Still now the house has chimney pots once more after decades without and work starts on the kitchen in a week or two, we are finally moving in the right direction.  The oak floor has been laid in the hallway and the plasterers have skimmed for the next phase.  My very brilliant electrician has had the patience of a saint especially as he isn’t being paid (he’s my Daddy) and I take my hat off to the kitchen cabinet makers who turned up for a last measure up and ended up redesigning the whole kitchen to fit in my new fridge!  I promise I’m not the renovation equivalent of Bridezilla – it’s just that this whole project managing thing is hard work and making decisions on the turn of a sixpence is starting to take its toll.  Each little step forward Jerry and I take, has been about trying to faithfully preserve the past whilst bringing the farmhouse back into the 21st century.  Replumbing, rewiring, rebuilding – there isn’t a ‘re’ we haven’t had to sort out.  So you’ll have to forgive me, dear Reader, if I sound a teensy weensy bit of a nightmare renovator but I simply can’t wait for the woodburners to go in and for the boiler to be fired up for the first time.  The house is in desperate need of drying out and we are definitely in need of something cosy on our little building site, rather than relying on vast quantities of wine and gin to warm us in the evenings when the girls are tucked up in bed with the oil filled radiators on.

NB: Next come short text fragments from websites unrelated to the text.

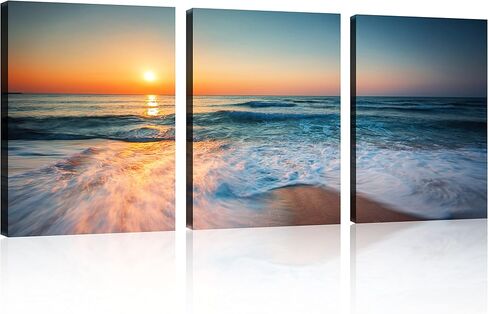 TutuBeer 3 Panel Wall Art Blue Sea Sunset White Beach Painting The Picture Print On Canvas Seascape The Pictures for Home Decor Decoration,Ready to Hang in Kuwait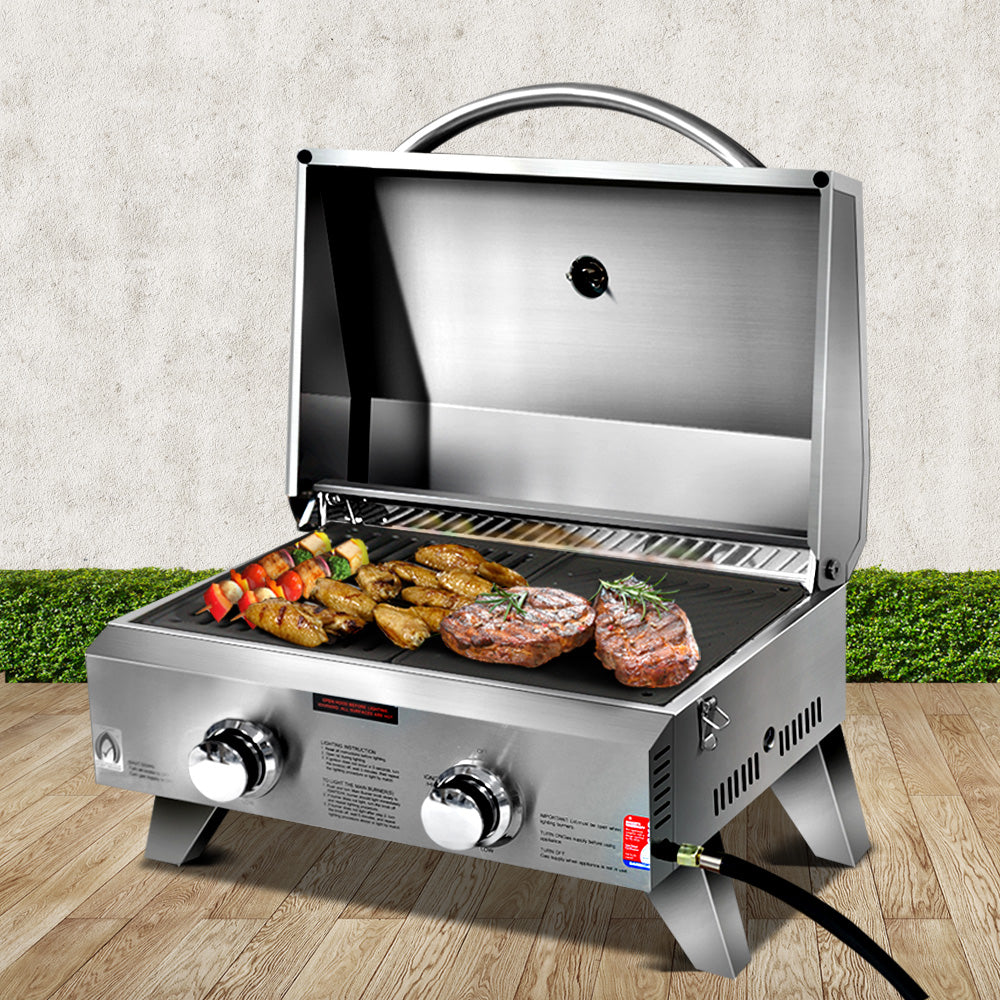 Grillz Portable Gas BBQ 2-Burner Stainless Steel Grill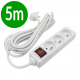 ECOLIGHT Przedłużacz 3-gniazdowy z wyłącznikiem z/u 16A 230V~ biały 5m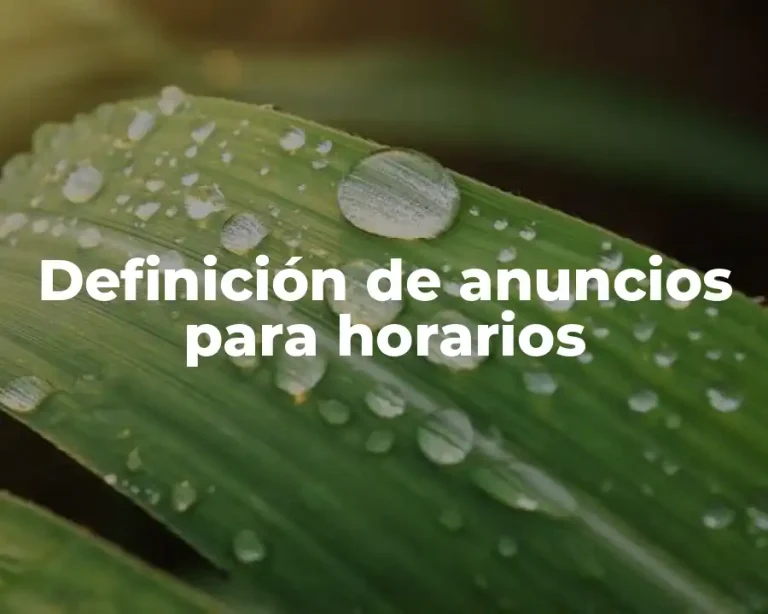Definición de anuncios para horarios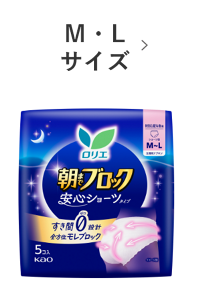 ロリエ　朝までブロック　安心ショーツ　М・Lサイズの製品カタログのページへ。​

With visions of cosiness in mind, I thought it was high time I was rescued from the drudgery of endless tea runs and placating of builders to try out a rather lovely bit of book post which landed on the mat – The Kilner Cookbook.

Kilner has long been synonymous with storing, pickling and preserving seasonal bounty.  Around since 1842, Kilner jars have adorned pantries, larders and kitchen cupboards in almost every household I’ll be bound, dear Reader.  Not just for bottling up pickles, chutneys, preserves and jams, Kilner’s classic clip top pressure sealed jars can be used to cook and store any kind of food or drink.  I’ll bet that you have at least one or two of these glorious jars lurking in your own kitchen, dear Reader.  Such is Kilner’s success.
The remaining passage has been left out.